Il silenzio e l'indifferenza fanno crescere la mafia

Monito dell'arcivecovo di Monreale nel giorno del ricordo di Peppino Impastato

CINISI, 9 maggio - Del rischio "indifferenza" determinato dal silenzio e di come invece sia necessario un impegno educativo e pastorale anche da parte della Chiesa ha parlato oggi monsignor Michele Pennisi, arcivescovo di Monreale, nel corso della manifestazione "La chiesa e la resistenza alla mafia".

L'iniziativa si è tenuta stamattina a Cinisi, in occasione del 37° anniversario dell'omicidio di Peppino Impastato, alla quale il presule ha partecipato. "La memoria del martirio di don Puglisi - ha detto Pennisi - come quella di altri sacerdoti uccisi dalla mafia nel primo ventennio del secolo scorso( don Filippo Forti ucciso a San Cataldo nel 1910, don Giorgio Gennaro ucciso nel 1916 a Ciaculli,don Costantino Stella parroco di Resuttana ucciso nel 1919, Don Stefano Caronia arciprete di Gibellina ucciso nel 1920 e Don Gaetano Millunzi di Monreale ucciso il 13 settembre 1920), è impegnativa per la Chiesa siciliana e per la Chiesa tutta.

Il loro"martirio" non va disgiunto e isolato da quello di numerosi altri uomini rappresentanti delle istituzioni tra cui magistrati, appartenenti alle forze dell'ordine, giornalisti, persone comune che sono state definiti “martiri per la giustizia”da Pio la Torre a Rocco Chinnici, da Alberto della Chiesa a Boris Giuliano, da Piersanti Mattarella a Mario Francese, da Cesare Terranova a Pietro Scaglione, da Giovanni Falcone a Paolo Borsellino, da Placido Rizzotto a Peppino Impastato.

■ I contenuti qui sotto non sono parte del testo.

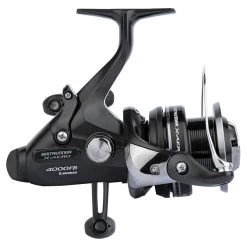 Shimano Baitrunner X-Aero FB 4000 7 Shimano Baitrunner X-Aero FB 4000 -Angeln Verkäufe BTRXAR4000FB 4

E' compito della Chiesa - ha aggiunto l'arcivescovo di Monreale - sia aiutare a prendere consapevolezza che tutti, anche i cristiani, possono rischiare con il silenzio e l’indifferenza di alimentare l' humus dove alligna e facilmente cresce la mafia, sia indurre al superamento dell'attuale situazione attraverso la conversione al Vangelo, capace di creare una cultura antimafia fondata sulla consapevolezza che il bene comune è frutto dell'apporto responsabile di tutti e di ciascuno.

La lotta alla mafia passa, anche se non si esaurisce, attraverso un rinnovato impegno educativo e pastorale che porti ad un cambiamento della mentalità e dei comportamenti concreti, ad una profonda "conversione" personale e comunitaria.
La Chiesa - ha detto ancora Pennisi - sente di avere una sua responsabilità per la formazione di una diffusa coscienza civile di rifiuto del costume e della mentalità mafiosi e si impegna nell'opera educativa e formativa dei suoi fedeli e, più in generale, di quanti, anche non credenti, vengono a contatto con le strutture educative da essa condotte o animate. Essa non si sente estranea all'impegno, che è di tutta la società siciliana, di liberazione dalla triste piaga della mafia.

Alla comunità cristiana - ha concluso il presule - si richiedono dei gesti originali che interpellino cattolici e laici ad interrogarsi sulle modalità di una prevenzione dei reati collegati col fenomeno mafioso impegnandosi per la diffusione di una cultura della legalità e all’educazione a concepire il potere come servizio al bene comune e ad un uso morigerato del denaro che non ne faccia l’idolo a cui sacrificare tutto".